O DITADOR DE TOGA NO PAÍS DAS ABERRAÇÕES: O BRASIL DEIXOU DE SER O PAÍS DA LIBERDADE?
LIBERDADE DE EXPRESSÃO, LIMITES E O FUTURO POLÍTICO DO BRASIL VOLTAM AO CENTRO DO DEBATE
O Brasil atravessa um momento de forte tensão em torno da liberdade de expressão. Em meio a decisões judiciais, disputas políticas e debates sobre os limites do discurso público, cresce entre parte da sociedade a preocupação com aquilo que pode ou não ser dito no país.

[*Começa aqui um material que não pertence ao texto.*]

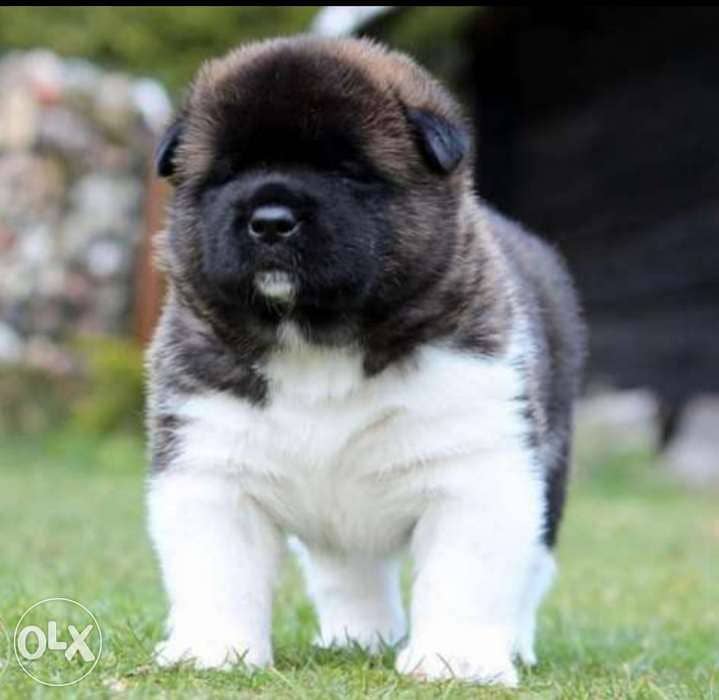 premium quality imported American akita puppies , FASTEST DELIVERY 1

Há uma diferença fundamental entre liberdade de expressão e ofensa pessoal. Ataques individuais, ameaças e condutas que ultrapassem os limites estabelecidos pela legislação devem responder perante a Justiça. O problema começa quando manifestações de opinião, críticas políticas, denúncias e posicionamentos são colocados no mesmo campo das condutas ilícitas.
A liberdade de expressão não pode ser tratada como um detalhe dentro de uma democracia. Ela é um dos instrumentos utilizados pela sociedade para fiscalizar autoridades, questionar decisões e cobrar respostas do poder público.
O alerta vem sendo feito há tempos: quando os limites da manifestação pública começam a ser definidos de maneira ampla demais, aumenta também o temor de que a crítica legítima seja confundida com aquilo que efetivamente constitui crime ou ofensa.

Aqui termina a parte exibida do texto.